BRIEF DESCRIPTION OF THE FIGURES
[0005] Embodiments of the invention will be apparent from the
following detailed description and the appended claims and drawings
in which:
[0006] FIG. 1 is a diagram illustrating a housing in accordance
with an example embodiment of the invention;
[0007] FIG. 2 is a diagram illustrating a circuit board mounted
within the housing of FIG. 1;
[0008] FIG. 3 is a diagram illustrating an interior view of the
housing of FIG. 2 with the circuit board removed;
[0009] FIG. 4 is a diagram illustrating a view looking into
connectors of the housing of FIG. 1;
[0010] FIG. 5 is a diagram illustrating a cross-sectional view of
the housing in accordance with an example embodiment of the
invention;
[0011] FIG. 6 is a diagram illustrating a cross-sectional view of
an integral support within the housing in accordance with an
example embodiment of the invention;
[0012] FIG. 7 is a diagram illustrating an example of a terminal
carrier installed in a housing in accordance with an example
embodiment of the invention;
[0013] FIG. 8 is a diagram illustrating an exploded view of the
housing of FIG. 7;
[0014] FIG. 9 is a diagram illustrating an integral support
structure of the housing of FIG. 8;
[0015] FIG. 10 is a diagram illustrating a first step in
manufacturing a terminal carrier subassembly in accordance with an
example embodiment of the invention;
[0016] FIG. 11 is a diagram illustrating a second step in
manufacturing a terminal carrier subassembly in accordance with an
example embodiment of the invention;
[0017] FIG. 12 is a diagram illustrating a third step in
manufacturing a terminal carrier subassembly in accordance with an
example embodiment of the invention;
[0018] FIG. 13 is a diagram illustrating a fourth step in
manufacturing a terminal carrier subassembly in accordance with an
example embodiment of the invention;
[0019] FIG. 14 is a diagram illustrating a manufacturing process
flow in accordance with an example embodiment of the invention;
[0020] FIGS. 15 and 16 are diagrams illustrating an example
in-and-out terminal pin shoulder in accordance with an example
embodiment of the invention;
[0021] FIGS. 17 and 18 are diagrams illustrating an example
U-shaped terminal pin shoulder in accordance with an example
embodiment of the invention;
[0022] FIG. 19 is a diagram illustrating an example tapered
terminal pin body in accordance with an example embodiment of the
invention; and
[0023] FIGS. 20-22 are diagrams illustrating another example
housing in accordance with another example embodiment of the
invention.
DETAILED DESCRIPTION OF THE EMBODIMENTS
[0024] Embodiments of the present invention include providing a
sealed electronic control module housing with integral terminal
carrier design that may (i) utilize stitched compliant terminals,
(ii) provide a 90 degree bend in the terminals, (iii) support
printed circuit board (PCB) pressfit force, (iv) support mating
connector insertion force, (v) provide a terminal carrier that may
be fastened using a snap fit, some type of weld, and/or screws,
(vi) utilize terminal pins with in-and-out shoulders, (vii) utilize
terminal pins with U-shaped shoulders, (viii) utilize terminal pins
with tapered bodies, (ix) utilize a terminal alignment plate to
insure true position of terminals, and/or (x) be implemented as one
or more connectors in a housing of an electronic control unit.

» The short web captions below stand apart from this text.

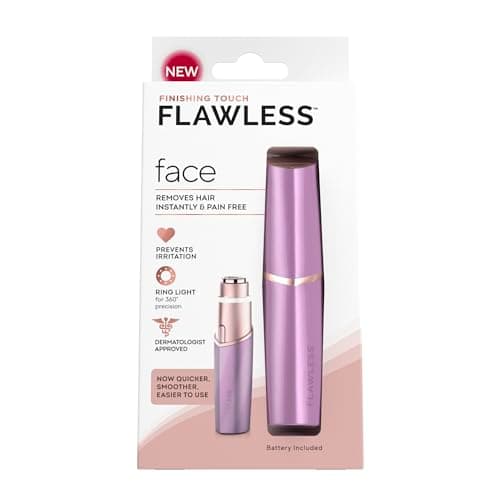 Image of Flawless Finishing Touch Women's Painless Hair Remover, Newest Model (Lavender)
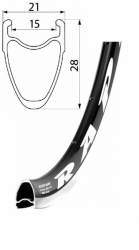 ráfek REMERX RAPID 622x15 32děr černý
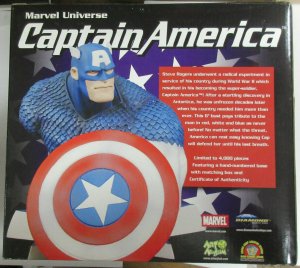 Captain America Marvel Universe Art Asylum Bust Diamond Select Toys #605/4000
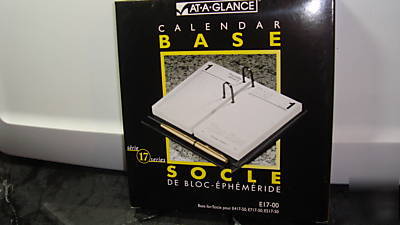 At-a-glance 17 series / calendar base (black) E17-00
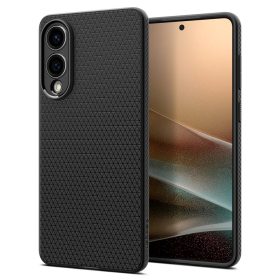   Spigen Liquid Air Samsung Galaxy S25 Edge tok, Matte Black, fekete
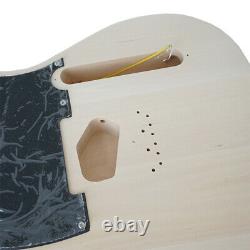 Unfinished Custom DIY TL Style Basswood Electric Guitar Kits with All Hardwares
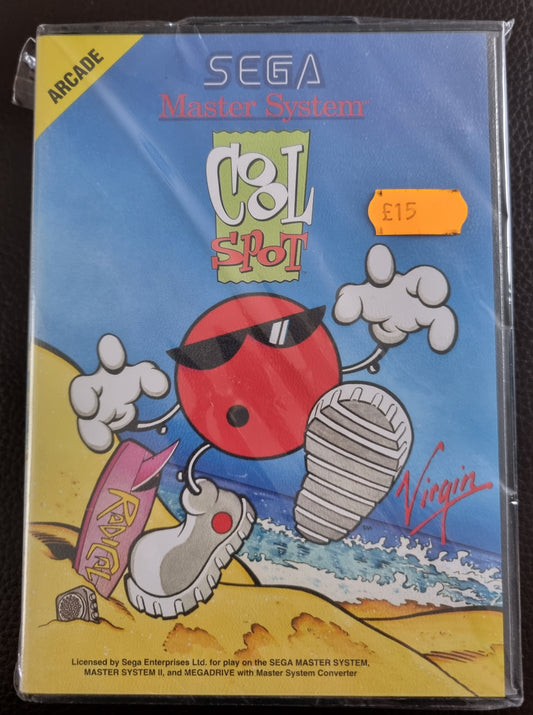 Sega Master System Cool Spot boxed with manual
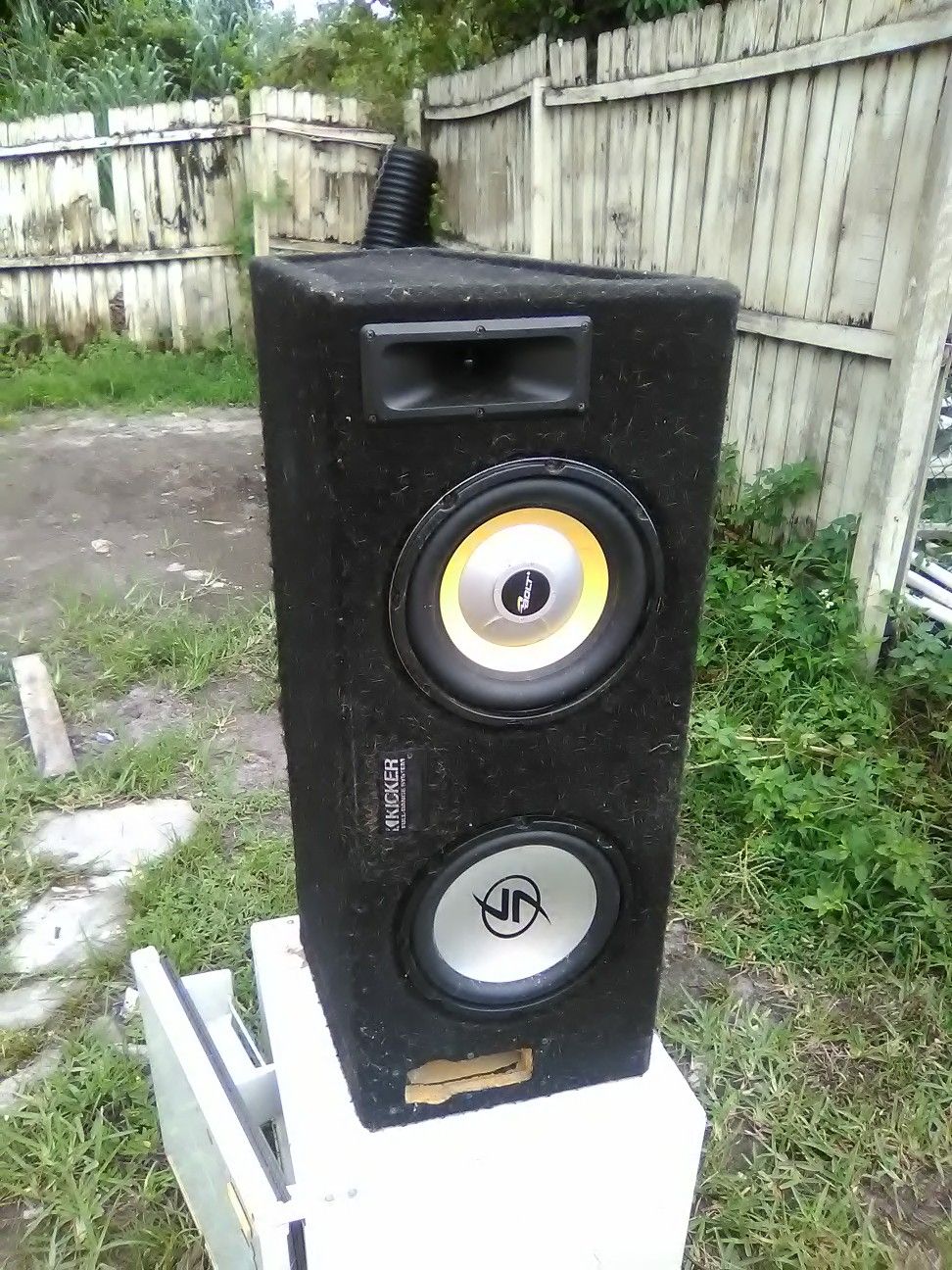 10" Subwoofer in box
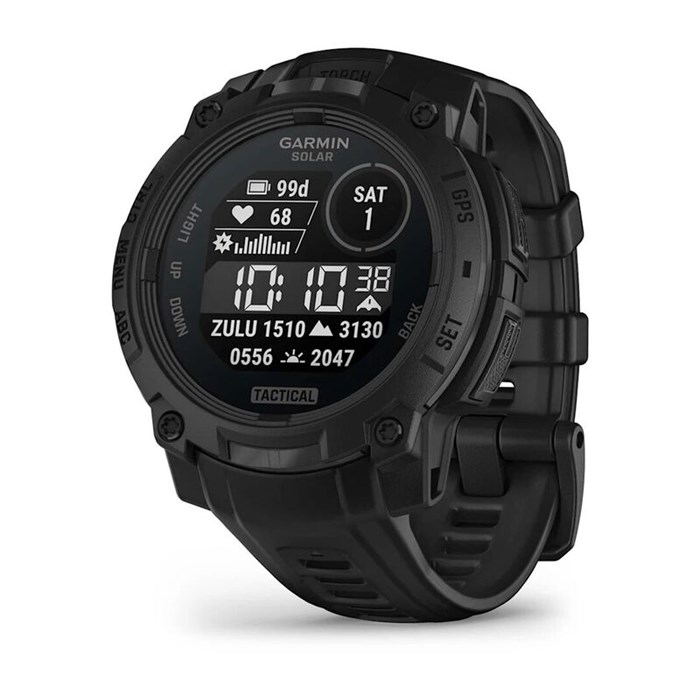 Часы Garmin Instinkt 3 45 Tactical Solar Black with Black Silicon 6804 - фото 37295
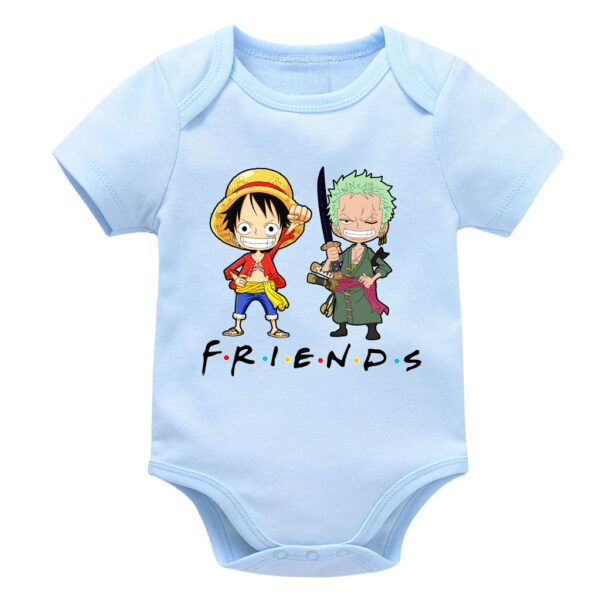 Zoro and Luffy Best Friends Baby Onesies Girl Boy
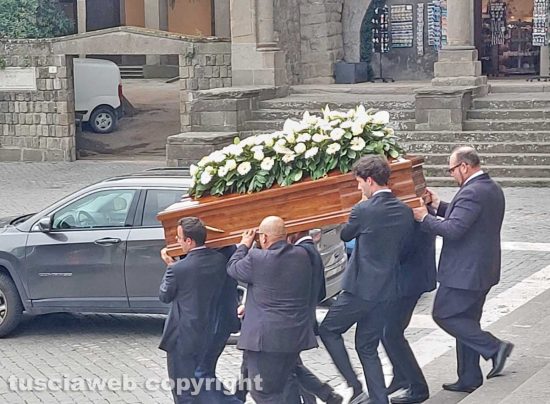 Viterbo - I funerali di Vittorio Palmisano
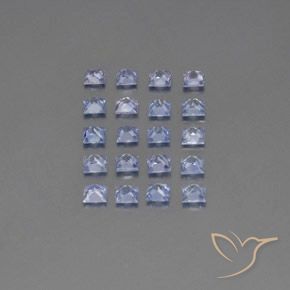 Sapphire Gemstones in 2.7 x 2.7 mm Size for Sale, Sapphire Stones in Pastel Blue Color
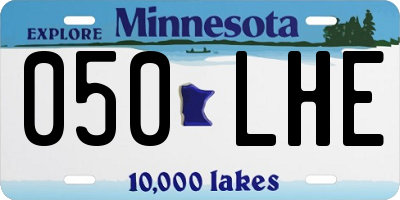 MN license plate 050LHE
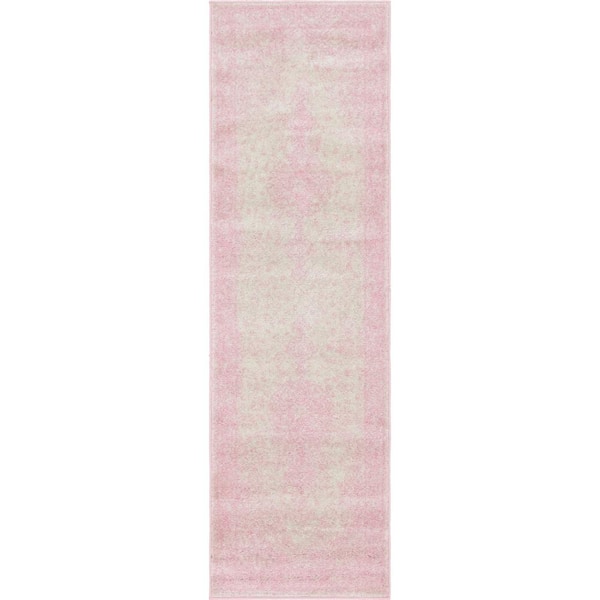 Unique Loom Bromley Midnight Pink 2 ft. x 6 ft. Runner Rug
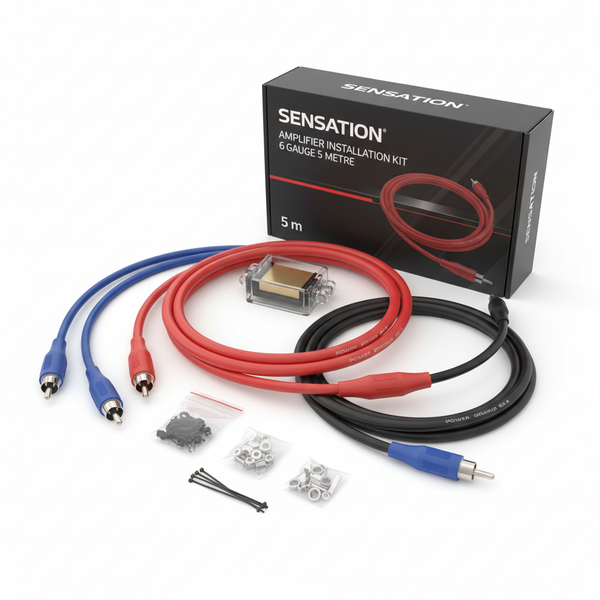 Sensation Amplifier Cable Kit 6 Gauge 5 Metre Car Audio Wiring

[0025] A restraint control module enclosure typically contains some
type of housing and a connector. If the connector can be designed
integral to the housing, a potential leak path can be eliminated
and potentially the cost of the enclosure is decreased. One
difficulty in designing an integral connector housing is to be able
to support a pressfit force associated with assembling a printed
circuit board (PCB) to the integral connector of the housing. By
designing a housing/terminal carrier with the features of the
invention, the pressfit force may be supported by a bend in the
terminals and/or shoulders of the terminals. In embodiments
utilizing stitched terminals, the shoulders on the terminals at the
pressfit end and the direction of stitching the terminal may
further support the pressfit force. The terminal carrier housing
design in accordance with an embodiment of the invention may
decrease cost by removing labor and/or expensive insert molding
from a supplier. The terminal carrier may be fastened to the
housing by various methods including, but not limited to, snap
fits, screws, or some type of welding. In various embodiments,
terminal alignment plates may also be used to ensure true
positioning of the terminals.
[0026] Compliant pins generally need some insertion (or pressfit)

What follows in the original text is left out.